[Uucf-bible] From the lectionary reading for this Sunday
RevRonRobinson at aol.com
RevRonRobinson at aol.com
Thu Aug 31 10:48:59 EDT 2006
Hi all. Getting back into the swing of things with Labor Day around the
corner. Here are some selections from the common lectionary for this Sunday for
your reflection, response. I meant to post from Tom Bandy's new The Uncommon
Lectionary for this Sunday but can't put my hands on the book this a.m. but
will unless someone else has it and can post a follow-up.
Don't get to post from Song of Solomon too much so it is great to be able to
do so. Here it is Labor Day and we get a reflection about Spring bustin' out;
who says the lectionary isn't for the booming southern hemisphere
Christianity. But then that is the beauty of the common lectionary as opposed to the
seeker-sensitive UnCommon Lectionary of Bandy; it takes us out of our normal
default mode world and into an alternative story, of which as Ivan Illich said,
all revolutions are made.
And then there is so much wonderful discussable stuff in the reading from
Mark. I always like the part about what goes in not defiling us. It is a basic
underpinning of liberal Christianity that we can be open to finding truth and
revelation in so many places, that we can trust the world enough to be open
to it. Of course I have also come to believe that what we consumes tends to
consume or become us. So the line you have to walk and the paradoxes to live
Song of Solomon 2:8-13 (The Message)
Look! Listen! There's my lover!
Do you see him coming?
Vaulting the mountains,
leaping the hills.
My lover is like a gazelle, graceful;
like a young stag, virile.
Look at him there, on tiptoe at the gate,
all ears, all eyes—ready!
My lover has arrived
and he's speaking to me!
Get up, my dear friend,
fair and beautiful lover—come to me!
Look around you: Winter is over;
the winter rains are over, gone!
Spring flowers are in blossom all over.
The whole world's a choir—and singing!
Spring warblers are filling the forest
with sweet arpeggios.
Lilacs are exuberantly purple and perfumed,
and cherry trees fragrant with blossoms.
Oh, get up, dear friend,
my fair and beautiful lover—come to me!
Come, my shy and modest dove—
leave your seclusion, come out in the open.
Let me see your face,
let me hear your voice.
For your voice is soothing
and your face is ravishing.
7Now when the Pharisees and some of the scribes who had come from Jerusalem
gathered around him, 2they noticed that some of his disciples were eating
with defiled hands, that is, without washing them. 3(For the Pharisees, and all
the Jews, do not eat unless they thoroughly wash their hands, thus observing
the tradition of the elders; 4and they do not eat anything from the market
unless they wash it; and there are also many other traditions that they
observe, the washing of cups, pots, and bronze kettles.) 5So the Pharisees and the
scribes asked him, “Why do your disciples not live according to the tradition
of the elders, but eat with defiled hands?” 6He said to them, “Isaiah
prophesied rightly about you hypocrites, as it is written,
‘This people honors me with their lips,
but their hearts are far from me;
7in vain do they worship me,
teaching human precepts as doctrines.’
8You abandon the commandment of God and hold to human tradition.”

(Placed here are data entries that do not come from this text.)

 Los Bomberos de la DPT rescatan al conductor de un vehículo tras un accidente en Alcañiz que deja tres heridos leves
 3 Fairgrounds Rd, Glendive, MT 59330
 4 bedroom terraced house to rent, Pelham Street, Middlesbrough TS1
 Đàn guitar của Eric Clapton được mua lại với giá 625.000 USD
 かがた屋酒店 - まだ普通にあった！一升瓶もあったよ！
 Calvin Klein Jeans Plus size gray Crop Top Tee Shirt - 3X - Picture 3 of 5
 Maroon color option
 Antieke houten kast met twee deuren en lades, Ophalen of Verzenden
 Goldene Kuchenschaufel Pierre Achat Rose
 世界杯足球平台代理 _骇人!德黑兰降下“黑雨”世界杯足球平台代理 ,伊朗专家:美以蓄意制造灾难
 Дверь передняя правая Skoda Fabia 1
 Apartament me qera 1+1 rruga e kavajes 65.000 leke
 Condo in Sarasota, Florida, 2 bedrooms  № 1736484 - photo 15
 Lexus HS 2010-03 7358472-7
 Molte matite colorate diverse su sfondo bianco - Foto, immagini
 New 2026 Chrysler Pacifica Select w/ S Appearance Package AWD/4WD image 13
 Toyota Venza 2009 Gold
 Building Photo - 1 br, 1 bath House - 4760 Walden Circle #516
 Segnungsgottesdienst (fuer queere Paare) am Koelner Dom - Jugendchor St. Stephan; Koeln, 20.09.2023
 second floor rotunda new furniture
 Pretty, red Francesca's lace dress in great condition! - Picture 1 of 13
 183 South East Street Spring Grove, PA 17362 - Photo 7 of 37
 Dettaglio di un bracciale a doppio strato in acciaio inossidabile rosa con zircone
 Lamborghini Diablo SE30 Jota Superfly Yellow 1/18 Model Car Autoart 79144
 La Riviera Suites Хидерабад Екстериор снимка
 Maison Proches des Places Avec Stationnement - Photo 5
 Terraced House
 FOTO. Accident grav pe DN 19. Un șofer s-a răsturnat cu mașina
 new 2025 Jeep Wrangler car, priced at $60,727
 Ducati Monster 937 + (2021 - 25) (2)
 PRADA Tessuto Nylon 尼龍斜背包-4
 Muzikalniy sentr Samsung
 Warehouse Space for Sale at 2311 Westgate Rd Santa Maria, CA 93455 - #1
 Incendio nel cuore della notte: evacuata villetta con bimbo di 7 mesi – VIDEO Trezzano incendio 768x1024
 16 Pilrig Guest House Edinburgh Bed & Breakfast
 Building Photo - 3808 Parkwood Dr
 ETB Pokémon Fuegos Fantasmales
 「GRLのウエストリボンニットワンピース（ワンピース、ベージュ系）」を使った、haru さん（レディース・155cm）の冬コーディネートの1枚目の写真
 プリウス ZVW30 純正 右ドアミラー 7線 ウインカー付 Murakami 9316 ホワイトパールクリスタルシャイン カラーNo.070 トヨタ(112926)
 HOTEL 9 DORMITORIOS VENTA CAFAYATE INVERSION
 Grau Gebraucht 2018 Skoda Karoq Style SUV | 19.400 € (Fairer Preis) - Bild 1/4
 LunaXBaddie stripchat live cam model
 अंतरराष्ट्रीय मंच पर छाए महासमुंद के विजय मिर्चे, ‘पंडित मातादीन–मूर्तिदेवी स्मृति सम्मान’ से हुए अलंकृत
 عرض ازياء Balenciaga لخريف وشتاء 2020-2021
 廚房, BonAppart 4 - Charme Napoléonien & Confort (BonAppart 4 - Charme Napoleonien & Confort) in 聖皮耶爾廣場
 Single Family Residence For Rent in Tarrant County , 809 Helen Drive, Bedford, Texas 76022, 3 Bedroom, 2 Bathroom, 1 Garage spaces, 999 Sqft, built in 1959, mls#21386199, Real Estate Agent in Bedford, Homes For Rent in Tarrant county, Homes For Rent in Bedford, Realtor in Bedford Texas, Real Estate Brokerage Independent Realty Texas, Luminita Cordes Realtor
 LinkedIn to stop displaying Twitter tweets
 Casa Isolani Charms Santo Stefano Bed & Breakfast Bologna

9Then he said to them, “You have a fine way of rejecting the commandment of
God in order to keep your tradition! 10For Moses said, ‘Honor your father and
your mother’; and, ‘Whoever speaks evil of father or mother must surely die.’
11But you say that if anyone tells father or mother, ‘Whatever support you
might have had from me is Corban’ (that is, an offering to God)— 12then you
no longer permit doing anything for a father or mother, 13thus making void
the word of God through your tradition that you have handed on. And you do many
things like this.”
14Then he called the crowd again and said to them, “Listen to me, all of
you, and understand: 15there is nothing outside a person that by going in can
defile, but the things that come out are what defile.”
17When he had left the crowd and entered the house, his disciples asked him
about the parable. 18He said to them, “Then do you also fail to understand?
Do you not see that whatever goes into a person from outside cannot defile,
19since it enters, not the heart but the stomach, and goes out into the sewer?”
(Thus he declared all foods clean.) 20And he said, “It is what comes out of
a person that defiles. 21For it is from within, from the human heart, that
evil intentions come: fornication, theft, murder, 22adultery, avarice,
wickedness, deceit, licentiousness, envy, slander, pride, folly. 23All these evil
things come from within, and they defile a person.”